The task
Character for character, transcribe the entries below, minus the images.

Material provided
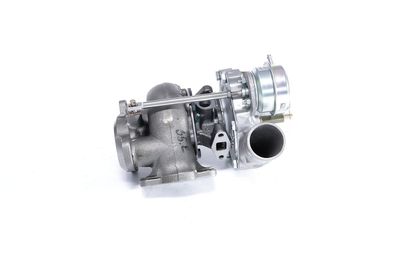 LADER AUFLADUNG BTS Turbo T911112 27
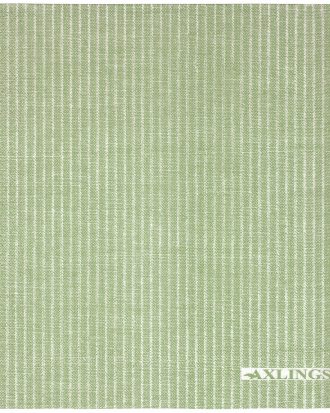 Axlings Servett 50-pack - Servetter & Tillbehör Papper Grön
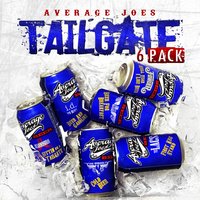 Sittin' On A Tailgate (feat. Jj Lawhorn) - Mud Digger, JJ Lawhorn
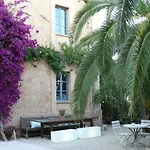 Villa Station Las Salinas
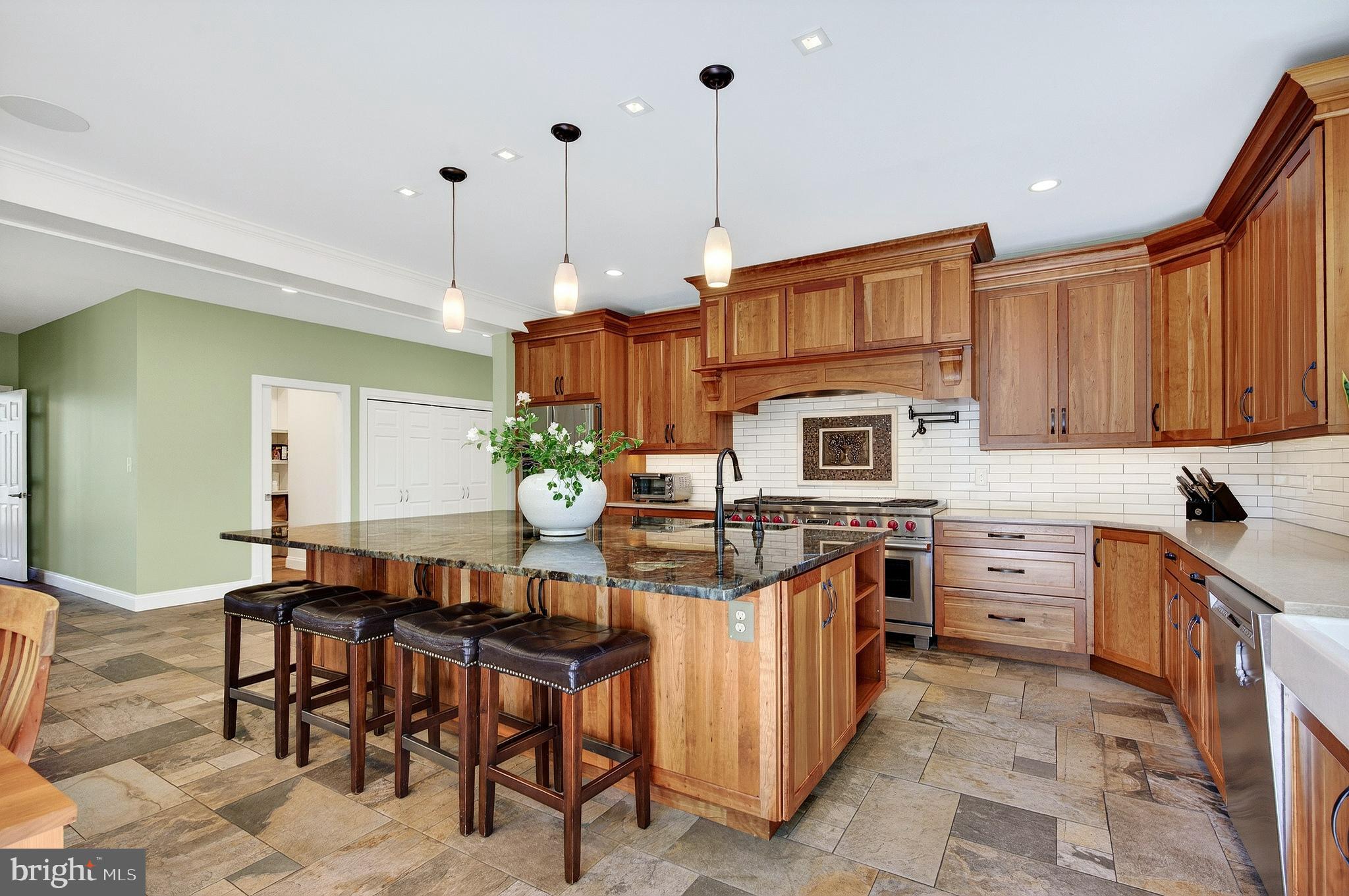 6488 LAKE MEADOW DRIVE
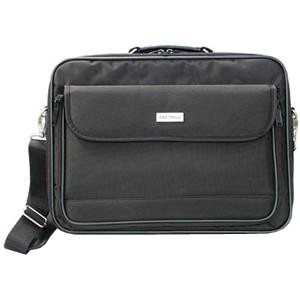 Deals&nbsp;Trendnet&nbsp;TA-NC1&nbsp;Carrying Cases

Expected output
 LADER AUFLADUNG BTS Turbo T911112 27
 Axlings Servett 50-pack - Servetter & Tillbehör Papper Grön
 Sittin' On A Tailgate (feat. Jj Lawhorn) - Mud Digger, JJ Lawhorn
 Villa Station Las Salinas
 6488 LAKE MEADOW DRIVE
 Deals&nbsp;Trendnet&nbsp;TA-NC1&nbsp;Carrying Cases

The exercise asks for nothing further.